Work required. What you return must match the listing below character for character, minus any pictures.

Data extract.
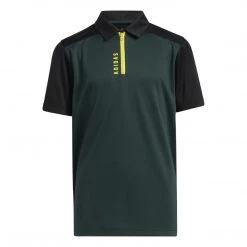 Adidas Boys'1/4 Zip Golf Polo Shadow Green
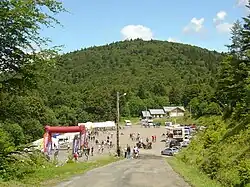Arrivée à la Planche des Belles Filles lors de la cyclosportive des Trois Ballons en 2011.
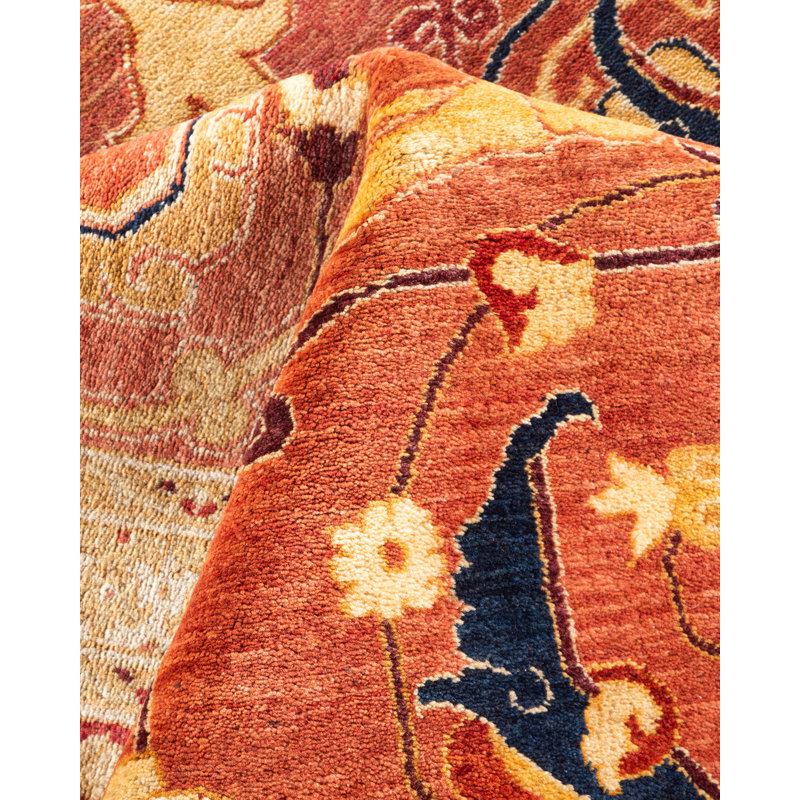 Mogul Elegance Hand-Knotted Wool Orange Oriental Area Rug 9'2" x 11'10"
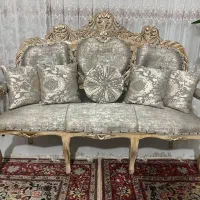 مبل ۹ نفره همراه جلومبلی و دو عدد عسلی|مبلمان خانگی و میز عسلی|خرمآباد, |دیوار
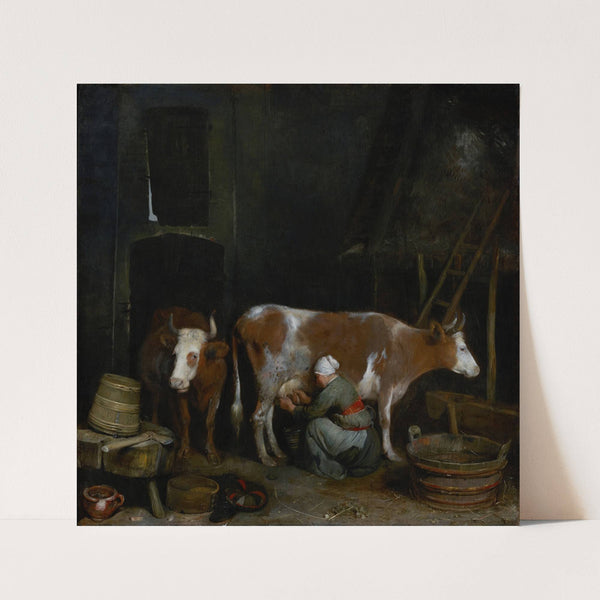 A Maid Milking a Cow in a Barn (1652–1654) by Gerard ter Borch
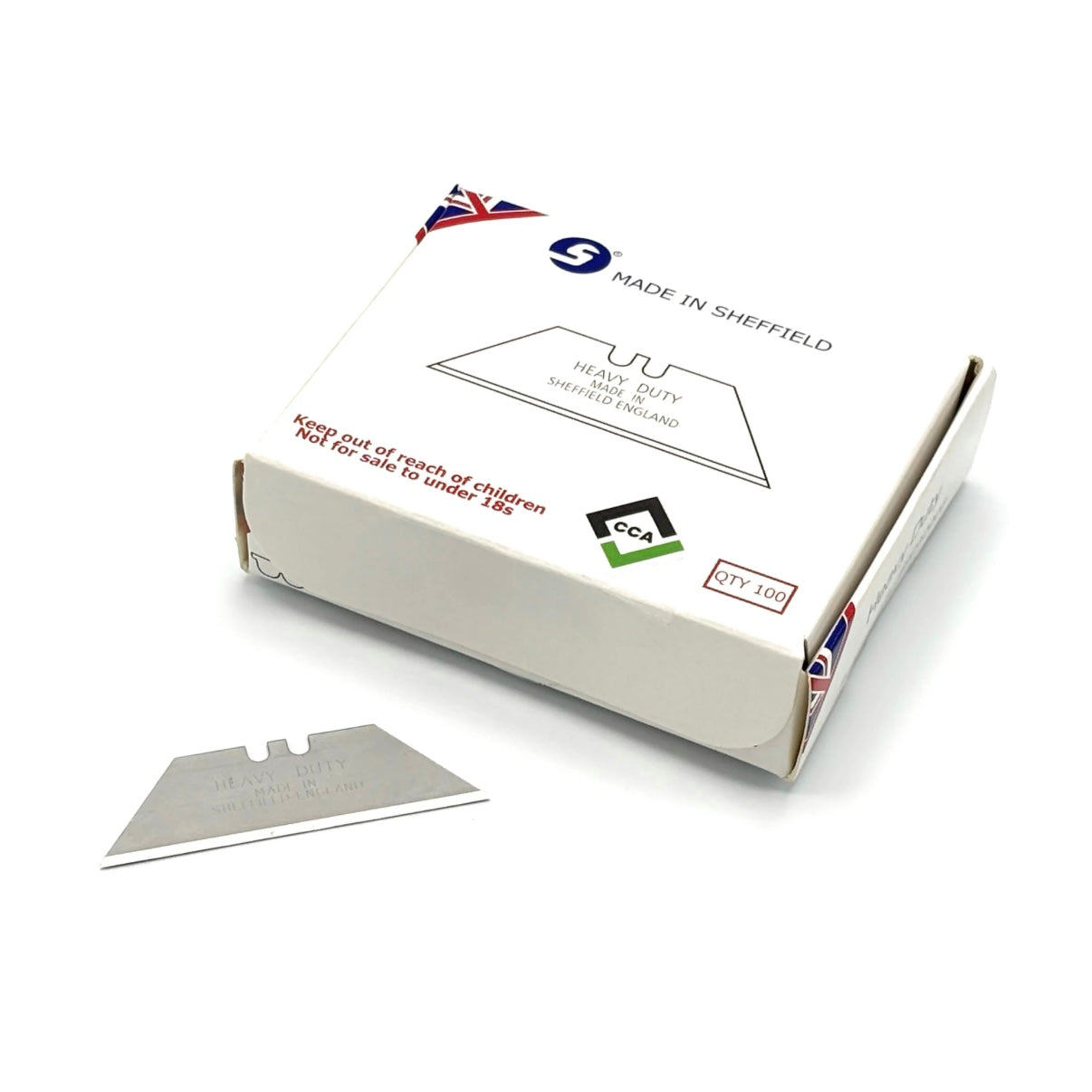 CCA Heavy Duty Straight Utility Knife Blades, Pack of 100, Sheffield Made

Response to this task.
 Adidas Boys'1/4 Zip Golf Polo Shadow Green
Arrivée à la Planche des Belles Filles lors de la cyclosportive des Trois Ballons en 2011.
 Mogul Elegance Hand-Knotted Wool Orange Oriental Area Rug 9'2" x 11'10"
 مبل ۹ نفره همراه جلومبلی و دو عدد عسلی|مبلمان خانگی و میز عسلی|خرمآباد, |دیوار
 A Maid Milking a Cow in a Barn (1652–1654) by Gerard ter Borch
 CCA Heavy Duty Straight Utility Knife Blades, Pack of 100, Sheffield Made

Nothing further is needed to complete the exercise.